Given material:
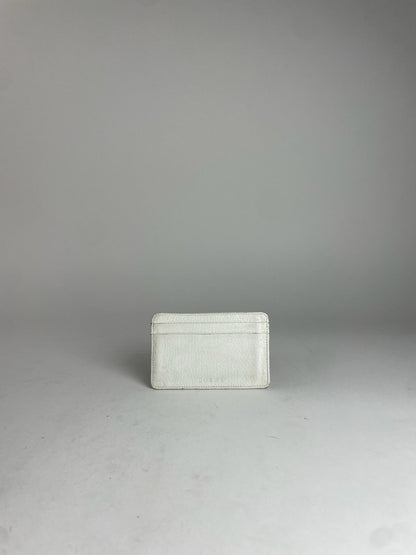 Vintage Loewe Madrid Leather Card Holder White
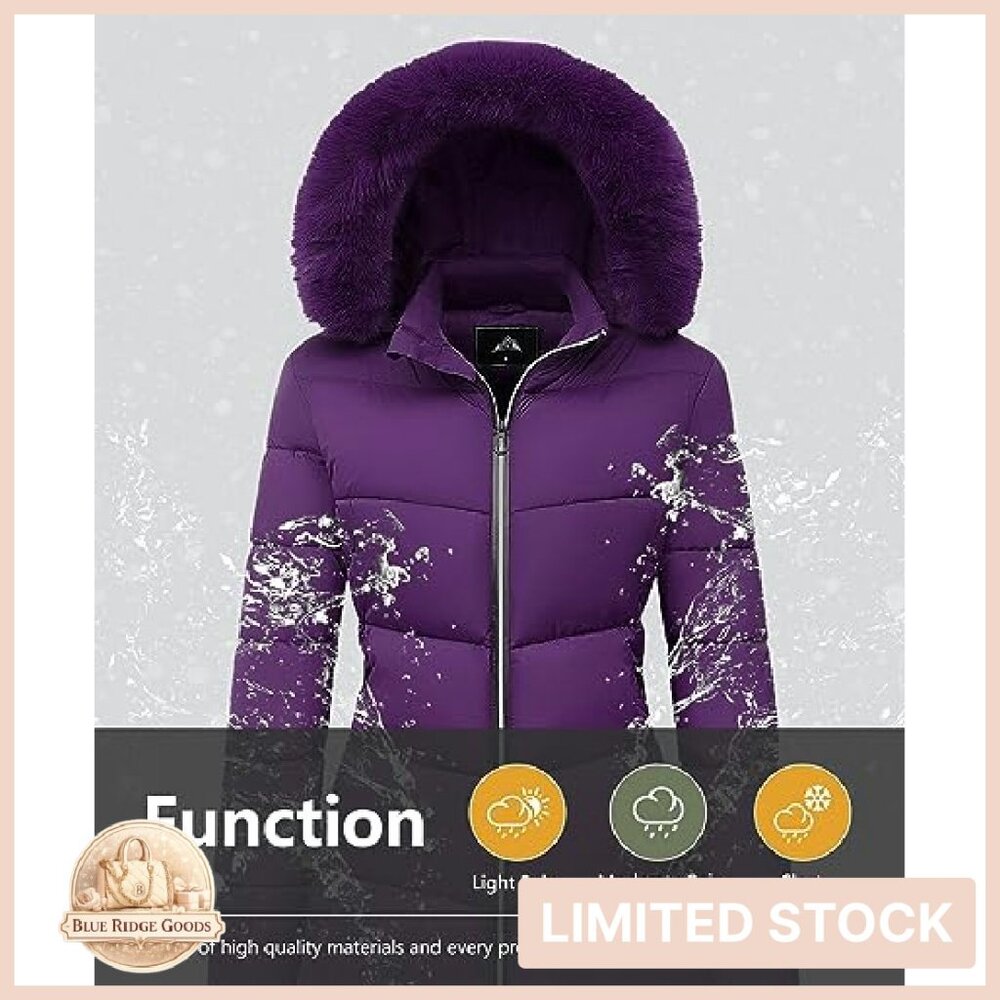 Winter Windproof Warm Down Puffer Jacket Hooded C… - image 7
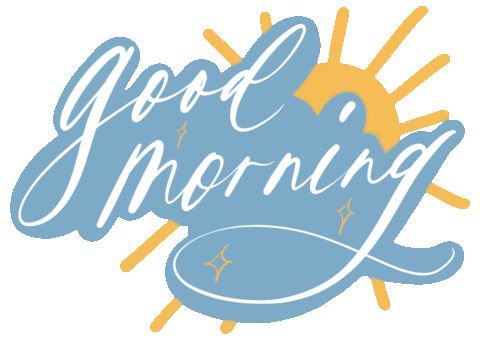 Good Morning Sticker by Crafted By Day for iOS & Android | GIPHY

What to do: Transcribe all of the listing precisely. The images stay out of it.

Solved problem:
 Vintage Loewe Madrid Leather Card Holder White
 Winter Windproof Warm Down Puffer Jacket Hooded C… - image 7
 Good Morning Sticker by Crafted By Day for iOS & Android | GIPHY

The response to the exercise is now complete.